London-based sophrologist Dominique Antiglio, author of The Life-Changing Power of Sophrology, says the technique can help you get to the root cause of what’s keeping you up. “Sophrology addresses the emotional issues that keep you from sleeping well, leaving you feeling less burdened. It also brings you into the ultra-relaxed ‘alpha brain wave’ state where your brain and body are totally at peace.” Entering this state just before bed will help you to fall asleep and stay asleep, she says.
Antiglio usually meets her clients in person at her Be Sophro clinic but has been offering virtual classes via Zoom, Skype and Instagram since the pandemic hit. The idea is that once you’ve had a few sessions — she recommends five or six to feel comfortable with the method — you pick the exercises that most resonate with you to bring a sense of calm all by yourself.

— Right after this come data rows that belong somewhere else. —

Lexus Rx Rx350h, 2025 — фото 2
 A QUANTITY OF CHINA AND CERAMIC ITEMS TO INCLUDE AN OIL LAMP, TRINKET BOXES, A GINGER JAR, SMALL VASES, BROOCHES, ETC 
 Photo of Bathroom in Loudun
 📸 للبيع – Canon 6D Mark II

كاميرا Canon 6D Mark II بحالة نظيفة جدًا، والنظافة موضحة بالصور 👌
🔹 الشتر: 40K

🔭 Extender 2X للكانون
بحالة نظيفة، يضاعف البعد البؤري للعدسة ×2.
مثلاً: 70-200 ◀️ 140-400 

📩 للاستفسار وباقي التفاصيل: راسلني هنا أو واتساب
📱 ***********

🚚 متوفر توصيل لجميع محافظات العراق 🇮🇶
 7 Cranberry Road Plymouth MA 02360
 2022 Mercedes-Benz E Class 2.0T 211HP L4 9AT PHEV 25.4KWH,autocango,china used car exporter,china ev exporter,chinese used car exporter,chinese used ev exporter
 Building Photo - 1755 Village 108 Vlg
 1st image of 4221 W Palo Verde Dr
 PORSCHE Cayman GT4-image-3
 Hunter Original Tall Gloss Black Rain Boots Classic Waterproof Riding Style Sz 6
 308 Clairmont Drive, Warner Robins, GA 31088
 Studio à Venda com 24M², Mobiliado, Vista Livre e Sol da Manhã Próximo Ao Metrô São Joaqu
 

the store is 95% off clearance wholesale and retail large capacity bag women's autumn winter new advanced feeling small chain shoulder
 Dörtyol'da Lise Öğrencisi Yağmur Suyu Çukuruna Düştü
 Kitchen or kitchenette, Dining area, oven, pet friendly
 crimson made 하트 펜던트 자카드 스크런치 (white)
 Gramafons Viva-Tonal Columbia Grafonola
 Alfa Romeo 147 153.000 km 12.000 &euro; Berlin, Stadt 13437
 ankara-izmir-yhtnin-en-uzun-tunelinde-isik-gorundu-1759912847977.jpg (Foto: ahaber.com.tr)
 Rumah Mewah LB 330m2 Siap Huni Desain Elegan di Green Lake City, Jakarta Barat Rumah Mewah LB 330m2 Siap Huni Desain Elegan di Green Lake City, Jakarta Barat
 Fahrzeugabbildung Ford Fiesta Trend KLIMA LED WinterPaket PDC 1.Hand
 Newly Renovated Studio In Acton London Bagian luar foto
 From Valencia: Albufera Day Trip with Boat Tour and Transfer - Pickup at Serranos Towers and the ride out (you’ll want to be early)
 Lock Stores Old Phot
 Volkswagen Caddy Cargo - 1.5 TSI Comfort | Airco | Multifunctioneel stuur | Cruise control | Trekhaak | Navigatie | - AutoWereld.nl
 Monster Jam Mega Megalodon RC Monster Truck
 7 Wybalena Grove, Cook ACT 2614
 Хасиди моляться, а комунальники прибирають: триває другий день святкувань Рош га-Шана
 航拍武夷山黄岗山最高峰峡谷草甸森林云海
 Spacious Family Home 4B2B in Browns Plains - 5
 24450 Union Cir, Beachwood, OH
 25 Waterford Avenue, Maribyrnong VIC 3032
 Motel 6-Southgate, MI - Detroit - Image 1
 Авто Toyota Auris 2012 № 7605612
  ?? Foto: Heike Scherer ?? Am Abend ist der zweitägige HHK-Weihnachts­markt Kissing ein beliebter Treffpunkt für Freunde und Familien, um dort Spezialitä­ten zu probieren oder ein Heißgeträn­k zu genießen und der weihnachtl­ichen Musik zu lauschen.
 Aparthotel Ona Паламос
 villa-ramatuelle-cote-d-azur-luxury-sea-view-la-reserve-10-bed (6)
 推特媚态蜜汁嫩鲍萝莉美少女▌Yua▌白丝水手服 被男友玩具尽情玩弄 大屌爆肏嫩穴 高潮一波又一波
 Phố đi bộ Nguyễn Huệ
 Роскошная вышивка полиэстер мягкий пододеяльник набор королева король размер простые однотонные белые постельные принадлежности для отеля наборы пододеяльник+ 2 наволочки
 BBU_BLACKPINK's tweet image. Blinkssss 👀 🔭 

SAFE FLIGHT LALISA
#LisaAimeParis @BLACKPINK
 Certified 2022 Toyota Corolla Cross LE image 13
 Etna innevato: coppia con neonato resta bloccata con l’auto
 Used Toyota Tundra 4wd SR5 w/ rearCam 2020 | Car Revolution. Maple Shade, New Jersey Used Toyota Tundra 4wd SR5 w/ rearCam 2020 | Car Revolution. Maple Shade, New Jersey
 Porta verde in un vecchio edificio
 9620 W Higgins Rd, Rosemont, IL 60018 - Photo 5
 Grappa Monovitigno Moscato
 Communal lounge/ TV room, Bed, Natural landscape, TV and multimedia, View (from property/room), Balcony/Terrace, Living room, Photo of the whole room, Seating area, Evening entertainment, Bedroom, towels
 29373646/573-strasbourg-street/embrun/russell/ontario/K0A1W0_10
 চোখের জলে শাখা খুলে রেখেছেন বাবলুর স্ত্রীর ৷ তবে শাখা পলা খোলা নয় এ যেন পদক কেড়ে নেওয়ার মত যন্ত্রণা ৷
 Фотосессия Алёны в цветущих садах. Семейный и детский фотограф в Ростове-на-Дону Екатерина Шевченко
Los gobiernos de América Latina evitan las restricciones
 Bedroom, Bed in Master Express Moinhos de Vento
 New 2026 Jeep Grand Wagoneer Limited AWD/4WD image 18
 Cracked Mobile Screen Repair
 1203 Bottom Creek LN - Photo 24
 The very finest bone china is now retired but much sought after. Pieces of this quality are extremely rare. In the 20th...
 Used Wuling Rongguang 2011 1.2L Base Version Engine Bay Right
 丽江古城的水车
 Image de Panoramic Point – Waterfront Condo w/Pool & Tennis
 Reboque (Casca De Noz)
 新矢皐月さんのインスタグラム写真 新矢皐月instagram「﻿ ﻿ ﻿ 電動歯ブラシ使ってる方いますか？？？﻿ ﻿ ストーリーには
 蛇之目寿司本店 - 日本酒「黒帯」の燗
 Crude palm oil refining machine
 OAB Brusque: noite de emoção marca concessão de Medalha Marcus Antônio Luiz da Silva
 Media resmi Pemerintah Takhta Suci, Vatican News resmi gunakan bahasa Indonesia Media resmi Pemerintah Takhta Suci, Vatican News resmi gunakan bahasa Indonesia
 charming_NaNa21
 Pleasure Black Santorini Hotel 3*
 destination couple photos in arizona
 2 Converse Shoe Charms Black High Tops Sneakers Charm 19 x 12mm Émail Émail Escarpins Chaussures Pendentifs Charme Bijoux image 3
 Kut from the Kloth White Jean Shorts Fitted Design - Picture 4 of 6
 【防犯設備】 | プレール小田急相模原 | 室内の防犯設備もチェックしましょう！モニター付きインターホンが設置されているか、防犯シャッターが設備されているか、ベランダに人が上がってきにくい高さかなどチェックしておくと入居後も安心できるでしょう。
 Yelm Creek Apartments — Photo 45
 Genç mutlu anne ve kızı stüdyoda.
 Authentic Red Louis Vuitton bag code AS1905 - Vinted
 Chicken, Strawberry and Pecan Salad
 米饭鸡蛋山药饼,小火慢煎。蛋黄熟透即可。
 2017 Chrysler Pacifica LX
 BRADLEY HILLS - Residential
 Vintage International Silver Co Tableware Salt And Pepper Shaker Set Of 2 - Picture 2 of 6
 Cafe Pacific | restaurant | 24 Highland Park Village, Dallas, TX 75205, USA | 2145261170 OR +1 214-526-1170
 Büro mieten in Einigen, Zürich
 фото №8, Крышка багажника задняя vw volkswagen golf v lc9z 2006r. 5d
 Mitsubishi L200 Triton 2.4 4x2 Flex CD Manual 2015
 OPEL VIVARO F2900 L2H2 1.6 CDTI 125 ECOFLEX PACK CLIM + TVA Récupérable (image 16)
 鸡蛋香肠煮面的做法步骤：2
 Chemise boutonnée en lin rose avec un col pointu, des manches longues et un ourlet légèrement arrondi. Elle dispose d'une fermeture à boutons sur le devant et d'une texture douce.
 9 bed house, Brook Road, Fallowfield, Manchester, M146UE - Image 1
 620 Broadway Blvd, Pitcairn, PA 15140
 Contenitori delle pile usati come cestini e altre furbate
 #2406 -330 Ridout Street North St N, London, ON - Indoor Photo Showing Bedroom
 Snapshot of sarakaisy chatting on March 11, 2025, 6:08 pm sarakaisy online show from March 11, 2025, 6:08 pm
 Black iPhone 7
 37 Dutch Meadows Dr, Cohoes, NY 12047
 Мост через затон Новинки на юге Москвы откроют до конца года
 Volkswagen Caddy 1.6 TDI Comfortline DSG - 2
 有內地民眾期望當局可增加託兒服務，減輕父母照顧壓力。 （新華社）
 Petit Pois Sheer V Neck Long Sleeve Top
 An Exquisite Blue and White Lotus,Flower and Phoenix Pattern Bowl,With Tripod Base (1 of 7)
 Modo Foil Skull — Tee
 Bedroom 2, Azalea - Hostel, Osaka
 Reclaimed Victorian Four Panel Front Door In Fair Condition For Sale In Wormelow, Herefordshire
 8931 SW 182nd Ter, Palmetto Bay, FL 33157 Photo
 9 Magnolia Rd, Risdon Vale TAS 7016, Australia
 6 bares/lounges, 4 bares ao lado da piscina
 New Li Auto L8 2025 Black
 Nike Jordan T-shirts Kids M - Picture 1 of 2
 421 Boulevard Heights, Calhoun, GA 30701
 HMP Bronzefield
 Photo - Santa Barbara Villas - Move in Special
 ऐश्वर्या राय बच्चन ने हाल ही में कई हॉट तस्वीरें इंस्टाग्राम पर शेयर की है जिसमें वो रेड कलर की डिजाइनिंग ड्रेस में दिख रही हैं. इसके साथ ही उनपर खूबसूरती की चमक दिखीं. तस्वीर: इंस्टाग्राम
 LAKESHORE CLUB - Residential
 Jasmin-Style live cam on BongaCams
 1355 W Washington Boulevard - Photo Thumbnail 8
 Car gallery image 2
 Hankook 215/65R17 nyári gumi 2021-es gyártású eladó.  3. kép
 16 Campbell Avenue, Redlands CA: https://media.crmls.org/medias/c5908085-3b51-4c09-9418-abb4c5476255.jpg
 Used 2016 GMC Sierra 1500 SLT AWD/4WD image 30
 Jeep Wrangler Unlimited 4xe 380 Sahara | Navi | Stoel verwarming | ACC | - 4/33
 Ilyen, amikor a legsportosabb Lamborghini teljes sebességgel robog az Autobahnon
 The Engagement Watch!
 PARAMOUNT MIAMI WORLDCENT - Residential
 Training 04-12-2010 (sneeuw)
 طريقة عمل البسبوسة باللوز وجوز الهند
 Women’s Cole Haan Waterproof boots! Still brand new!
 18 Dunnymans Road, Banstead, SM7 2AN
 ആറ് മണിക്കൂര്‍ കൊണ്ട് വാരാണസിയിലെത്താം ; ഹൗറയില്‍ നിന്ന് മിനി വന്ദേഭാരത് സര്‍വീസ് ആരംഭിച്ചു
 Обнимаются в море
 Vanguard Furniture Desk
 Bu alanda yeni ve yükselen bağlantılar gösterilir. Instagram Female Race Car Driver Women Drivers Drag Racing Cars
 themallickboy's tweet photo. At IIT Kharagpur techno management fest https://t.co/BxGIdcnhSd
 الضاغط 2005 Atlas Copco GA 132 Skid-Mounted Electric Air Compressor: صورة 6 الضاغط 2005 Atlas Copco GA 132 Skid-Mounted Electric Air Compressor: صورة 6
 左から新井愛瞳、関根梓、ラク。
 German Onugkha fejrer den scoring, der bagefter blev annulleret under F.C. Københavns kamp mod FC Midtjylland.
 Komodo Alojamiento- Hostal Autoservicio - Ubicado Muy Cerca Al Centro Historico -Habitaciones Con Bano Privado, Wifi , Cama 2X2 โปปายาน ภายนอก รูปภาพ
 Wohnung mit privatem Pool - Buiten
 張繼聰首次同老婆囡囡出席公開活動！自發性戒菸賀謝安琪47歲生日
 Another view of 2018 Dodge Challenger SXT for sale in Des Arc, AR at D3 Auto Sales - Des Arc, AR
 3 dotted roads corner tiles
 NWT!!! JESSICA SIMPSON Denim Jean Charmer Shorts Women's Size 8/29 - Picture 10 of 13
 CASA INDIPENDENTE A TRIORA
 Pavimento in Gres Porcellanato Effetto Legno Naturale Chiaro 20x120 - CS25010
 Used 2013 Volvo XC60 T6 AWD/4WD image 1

The wellness set has been abuzz about CBD — or cannabidiol, the non-psychoactive chemical found in cannabis plants — for some time now, but can it actually improve your sleep? Dr Dani Gordon, author of The CBD Bible, who specialises in sleep and fatigue issues, warns against considering it “a sleeping pill that will instantly knock you out before bed” — most “run of the mill” insomnia or sleeping problems can’t be solved this way, she says. But many people do claim it helps with sleep inhibitors such as anxiety, chronic pain and stress.
Use CBD products to create a bedtime ritual to wind down. First, start by reducing your caffeine intake and screen time before bed to break down the “toxic stress cycle” that can lead to sleep problems, Dr Gordon suggests. Then introduce oils or drops as part of your daily wellbeing routine, “take it to help with stress reduction and anxiety throughout the day and in the evening alongside sleepy herbals like passionflower and skullcap or before you do a relaxation practice.” Try taking a soak in Dr Ed’s CBD-infused Calm bath salts (£24.99) with lavender, bergamot and rosewood. Alternatively hold a couple of Disciple’s Miracle Drops 250mg (£30) under your tongue. Or if you prefer to use topically, use a jade roller to gently glide over face, to chill out and settle before bed.
How much is enough? Everyone’s endocannabinoid system (which uses the CBD) is unique, meaning we will all react differently to different strengths.
It also depends on the product and how well absorbed it is. “Take the ‘start low go slow approach’ and start with, say, 10mg or 15mg of CBD and go up from there.”